Bando ai sentimentalismi e all’artrite, però, e cominciamo col nostro solito programma.
Quello che ho letto
Partiamo come sempre dai libri. Questa settimana in lista c’è un nuovo romanzo uscito tutto sommato da poco, accompagnato da un paio di saggi che vi ho già presentato nelle mail precedenti, ma coi quali mi sono portato ben avanti.
Titanic di Vittorio Emanuele Parsi: ecco, di questo libro vi ho cominciato a parlare proprio la settimana scorsa, e devo dire che lo sto leggendo molto in fretta, tanto che sono già oltre la metà. Il motivo è presto detto, e anzi è duplice: da un lato, è scritto bene e in molte sue parti (anche se forse non in tutte) mi pare che l’analisi sia estremamente condivisibile; dall’altro, è un libro introduttivo alla geopolitica e ai vari scenari di politica internazionale, tanto che non presenta particolari difficoltà per chi un po’ già mastica certi temi. Queste due cose messe assieme fanno sì che il libro risulti sia interessante che semplice da leggere, e questo ovviamente permette di accelerare il ritmo e procedere spediti. L’altro lato della medaglia è che forse, proprio per via di queste stesse caratteristiche, forse il libro stupisce poco: aiuta più che altro ad avere il quadro complessivo di cose che si sono già lette da altre parti, o si sono già capite da altre situazioni, senza fornirti di per sé una rivelazione del mondo che ti sconvolge le categorie interpretative. Insomma, per farla breve: è un buon libro che semplicemente introduce alla materia, almeno finora. Non so se poi, nella seconda parte del volume, Parsi si lancerà in qualche considerazione più originale. Comunque rimane un saggio interessante per chi non si occupa a tempo pieno della politica internazionale e vuole cominciare a capirci qualcosa. Lo trovate qui.
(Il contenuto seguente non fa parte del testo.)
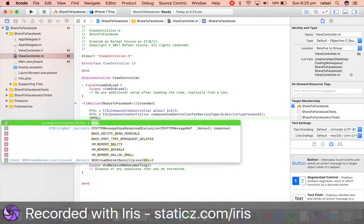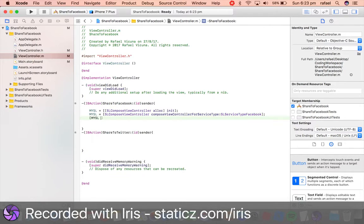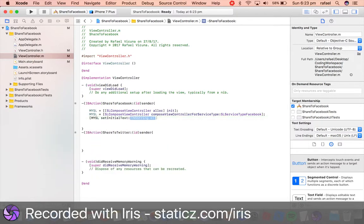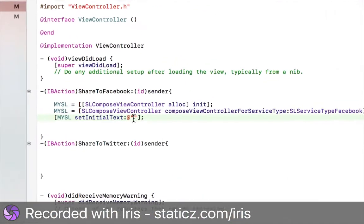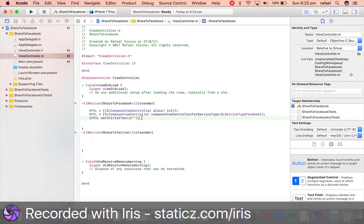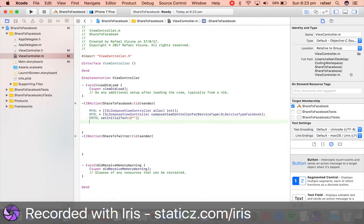Then we can set initial text if we wish to. So mySL space setInitialText, open speech marks. We will type in some text here later, so that's not really important right now.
Ufo 78 di Wu Ming: il romanzo che ho cominciato in questi giorni, e di cui vi anticipavo qualcosa all’inizio della sezione, è Ufo 78 dei Wu Ming, uscito qualche mese fa in tutte le librerie e pubblicato da Einaudi. Come al solito i Wu Ming – il collettivo già autore di libri molto interessanti, tra tutti Q (firmato come Luther Blissett) – hanno preparato un romanzo storico che vuole raccontare sì una storia, ma anche, indirettamente, dire qualcosa dell’Italia di oggi. Per il momento – anche se gli ho dedicato abbastanza tempo – sono arrivato solo al primo dipanarsi della trama, soprattutto perché il volume è bello corposo; in ogni caso i temi che si intrecciano mi paiono già essere due: da un lato, gli extraterrestri e gli UFO; dall’altro l’Italia che esce dalla lotta politica del 1977 per avviarsi verso il disimpegno degli anni '80. Temi molto diversi, ovviamente, ma il mescolarsi di toni e argomenti sia alti che bassi non è nuovo per il gruppo. Ambientato, appunto, nel 1978, il libro parte con il racconto di un gruppo di scout che si perde nelle montagne della Lunigiana, e prosegue inquadrando la moda per gli incontri ravvicinati e l’ufologia che si diffuse nel nostro paese proprio in quegli anni, grazie al successo di film come Incontri ravvicinati del terzo tipo di Steven Spielberg e molta letteratura popolare. Proseguendo con la narrazione riuscirò, spero, a darvi qualche informazione in più e soprattutto capirò come la politica e la fantascienza possano in qualche modo legarsi; per il momento però, com’era prevedibile, il libro è ben scritto e risulta abbastanza appassionante, soprattutto per chi, come me, si interessa spesso non solo di storia, ma anche di storia del costume. Lo potete comprare qui.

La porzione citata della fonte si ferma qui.